┌────────

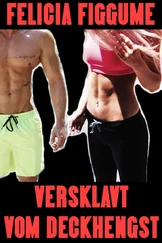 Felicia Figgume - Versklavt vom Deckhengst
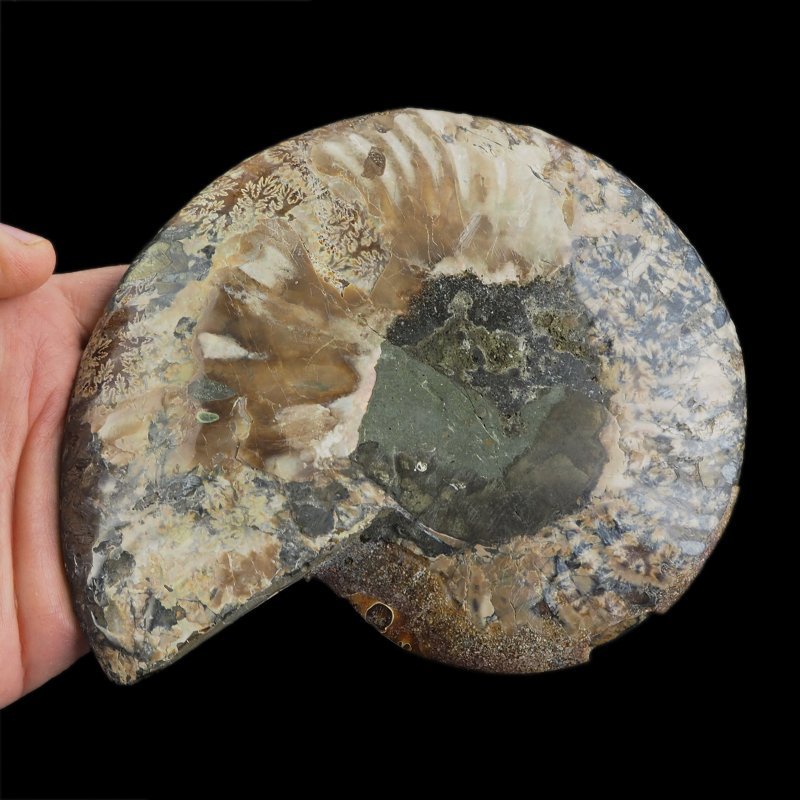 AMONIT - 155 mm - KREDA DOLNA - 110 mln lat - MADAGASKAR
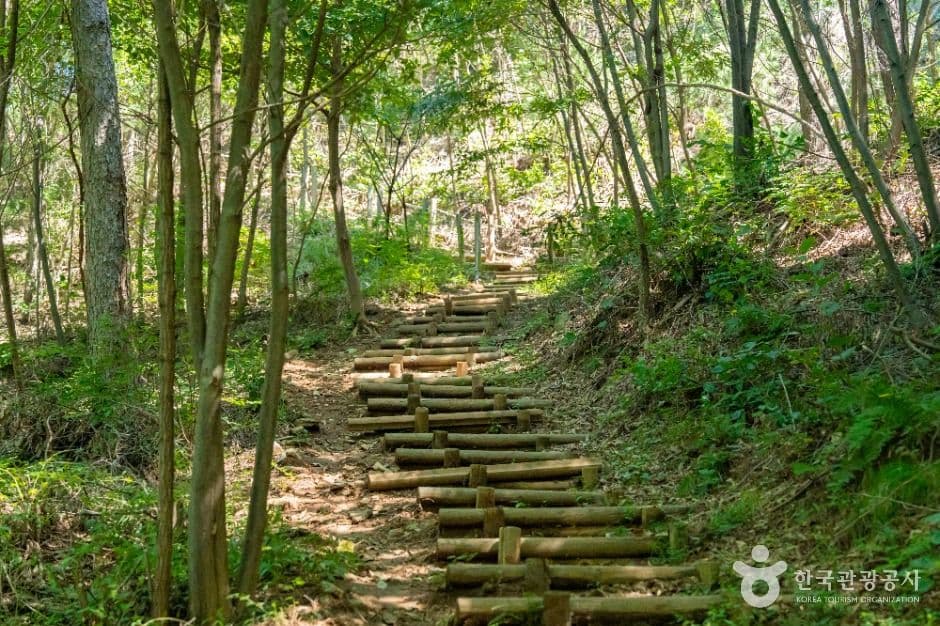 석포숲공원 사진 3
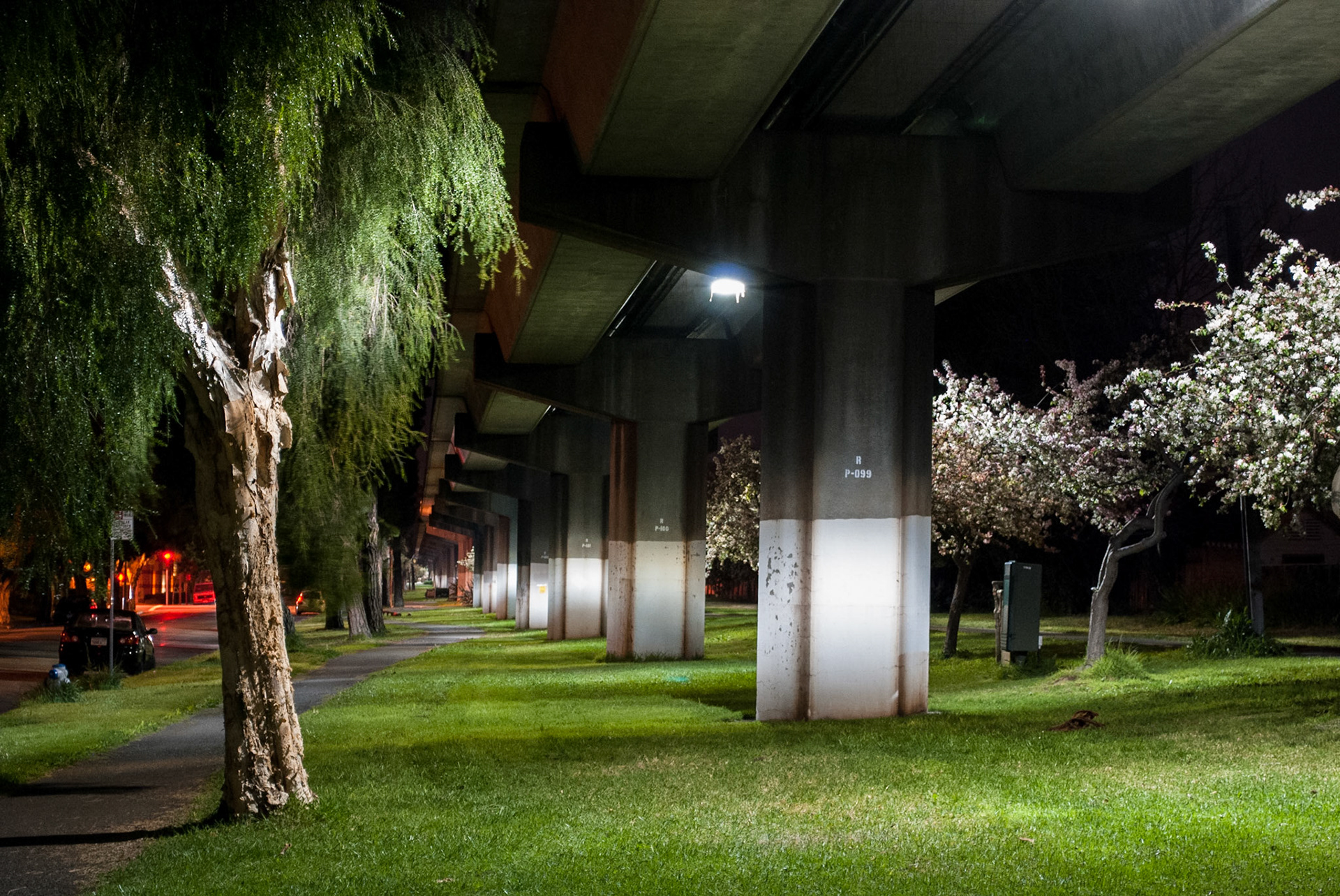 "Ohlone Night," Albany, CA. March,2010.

└────────

To do. Write out the data once more exactly, omitting the pictures.

Written response.
 Felicia Figgume - Versklavt vom Deckhengst
 AMONIT - 155 mm - KREDA DOLNA - 110 mln lat - MADAGASKAR
 석포숲공원 사진 3
 "Ohlone Night," Albany, CA. March,2010.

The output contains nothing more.